March 9, 2015 How to Fix Your Time Machine
Dear Syfy Channel,
As much as I’m enjoying your new 12 Monkeys series, it’s also really annoying. This is not entirely your fault. Time travel is typically a mess in films and TV shows. Why, for instance, does Cole’s time travel chair lean him backwards like an astronaut, and yet when he appears and disappears in the past, he’s in a standing position? And why does he not return to the same moment in time that he left? I realize the answer is story convenience—sometimes it’s fun to have things happen while he’s “gone”—but couldn’t the doctor spout some techno-babble explaining how the machine somehow locks the two time periods in sync? Otherwise the past is less a “when” and more like a “where,” a place that exists simultaneously with “now” and so moves forward at a parallel rate.
Cole’s mission is also a variation on Back to the Future and so suffers from a range of Michael-J.-Fox-fading-from-the-family-photo problems. For instance, when he loops back to a moment he’s already visited and alters it so this time his past self is accidentally shot in the arm, why does he experience the injury simultaneously with his past self? And why does the injury then turn into a sutured scar? At what point in time was the wound bandaged? Is the current Cole now a different Cole, the Cole who was injured in the past, and so then was the previous not-shot-in-the-arm Cole erased? If so, the new Cole wouldn’t even know something had been altered, because in fact “his” timeline hasn’t been altered, and so he would remember and have anticipated being shot—in which case, wouldn’t he take some precaution “now” to avoid it happening “again.” His whole mission is about altering past events, so there are no cosmic taboos like the kind the writers of Doctor Who keep having to invent, those inexplicably “fixed” points in time that make the plot work at the expense of everything else.

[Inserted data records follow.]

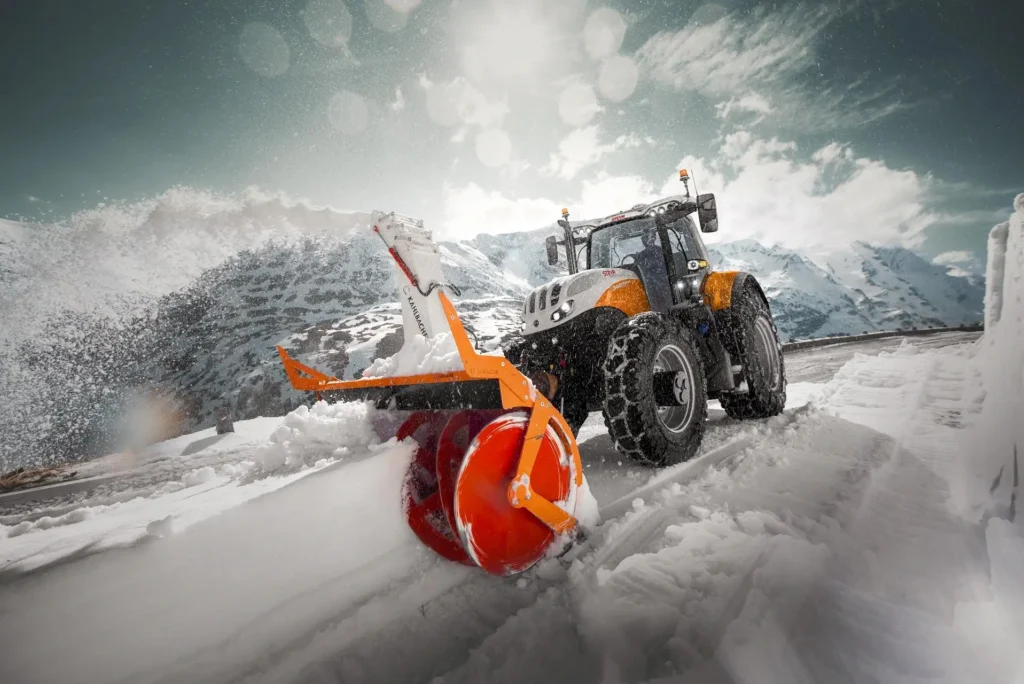 Steyr Terrus traktor med snøfreser fjerner snø i et vinterlandskap med fjell i bakgrunnen.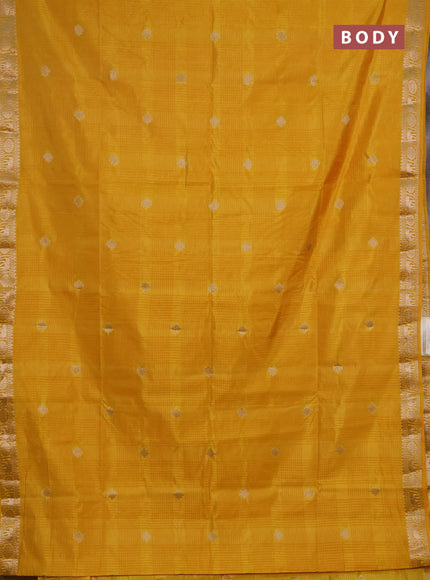 Semi raw silk saree mustard yellow with allover self emboss & zari buttas and zari woven border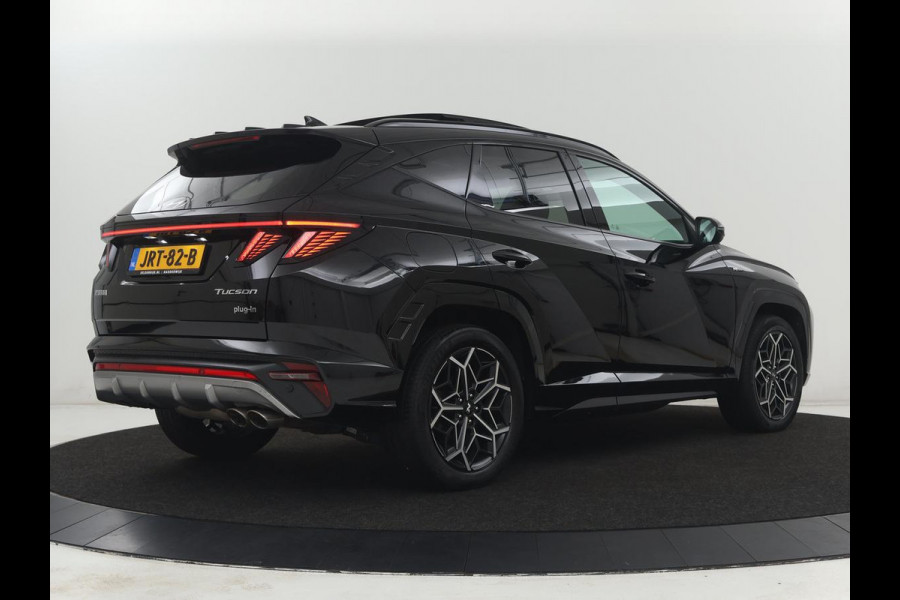 Hyundai Tucson 1.6 T-GDI PHEV N Line Sky 4WD | Pano | SOH 97,3% Stoelverwarming | Leder/Alcantara | Camera | Adaptive cruise | Carplay | Full LED | Stuurverwarming | Keyless | Plug In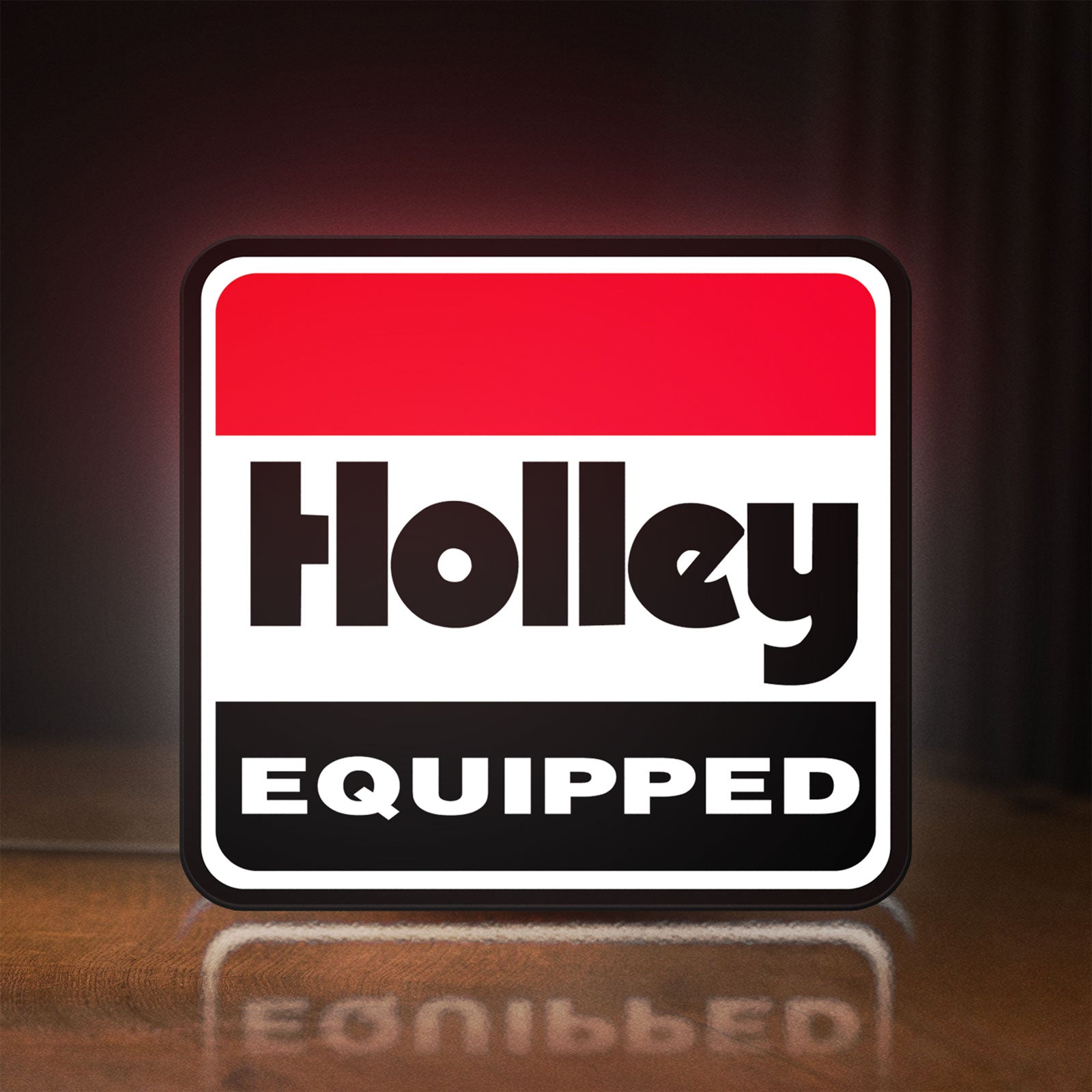 Front view of Holley Equipped LED lightbox sign glowing on a wooden desk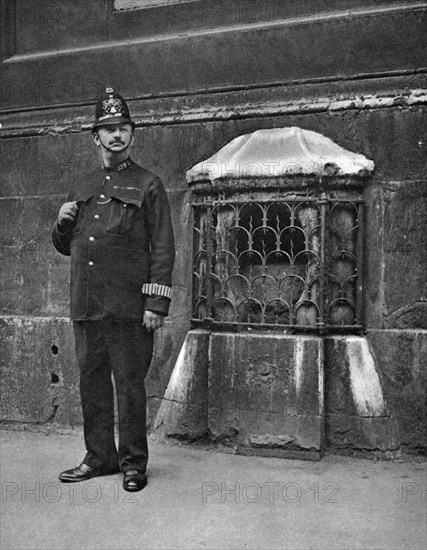 The London Stone in the wall of St Swithin's, Cannon Street, London, 1926-1927. Artist: McLeish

I realize this sort of internal consistency is not the top priority when writing action-oriented entertainment. The top priority for writers of action-oriented entertainment is to be entertaining. There is no correlation between a well-tempered time machine and high ratings. Though I would not be surprised if TV and film producers imagine the correlation is inverse, that the more time writers spend tinkering with the nuts and bolts of their nerdy plot devices, the less entertaining the show will be. And to a certain degree this is true, since sinking all of your effort into any one story element at the expense of the billion other story elements needed to make a story good is a great way to make a story very bad. Though at the other end of the spectrum, a story that ignores too many of those reality-securing nuts and bolts is going to score pretty high on viewers’ This-Is-Stupid meter. So most time-travel tales bounce around the middle, cutting corners while keeping the majority of their viewers’ frontal lobes intact.
But how about a time-travel story that’s both entertaining and makes sense? I realize “makes sense” is an oxymoron when talking about the impossible, but all I’m asking for is the appearance of plausibility. If that sounds like a pointless constraint on the creative process, remember that writers thrive on constraints—or as Robert Frost put it: “Writing free verse is like playing tennis with the net down.” 12 Monkeys could use a few nets.
So here’s one example of an entertainingly plausible time machine. Begin by taking the traveler out of time travel. Start simpler. Think of it first as a “time phone.” Your machine sends and receives signals from the future. This is where a TV producer hangs up, because a show about people talking on phones sounds really boring, but the constraints create new possibilities. What if the future end of the phone is a robot? And if this end of the phone isn’t a phone but a Wii, then instead of a cartoon in a 2-D landscape, your avatar is a remote control android physically interacting with people in the future.
That nuts-and-bolt net also manufactures some potential plot tensions. Since anyone can throw on video goggles and Wii gloves, anyone can “travel” in time—but to the folks in the other time destination, “anyone” always looks exactly the same. You can never know for sure who is remote controlling the android—the good guys or the bad guys. This is great news for Orphan Black actress Tatiana Maslany since who else could play so many parts within a part? But if Maslany is busy, I nominate Enver Gjokaj based on his brilliant stint on the not-so-brilliant Dollhouse (he’s pretty good on Agent Carter too.)
Meanwhile, the folks working the Wii, they first have to build the android before they can dial the future with the blind hope that they (or future generations depending on how far into the future you’re dialing) will have maintained it. Since the Wii controls can exist in the future too, future people can also dial backwards in time, beginning at the moment the android is first switched on. So while the inventors are visiting the unknown future, the unknown future is visiting them.
If that doesn’t give a team of writers material for a season or two, you can always throw in an apocalypse—a worldwide plague, a rise of the machines and/or apes, a dysfunctional family in need of an emotional reboot. Maybe Michael J. Fox can use Matrix technology to active an Arnold robot and prevent his parents from being zombified before he’s born so he can overthrow the Morlocks after he grows up to be Bruce Willis?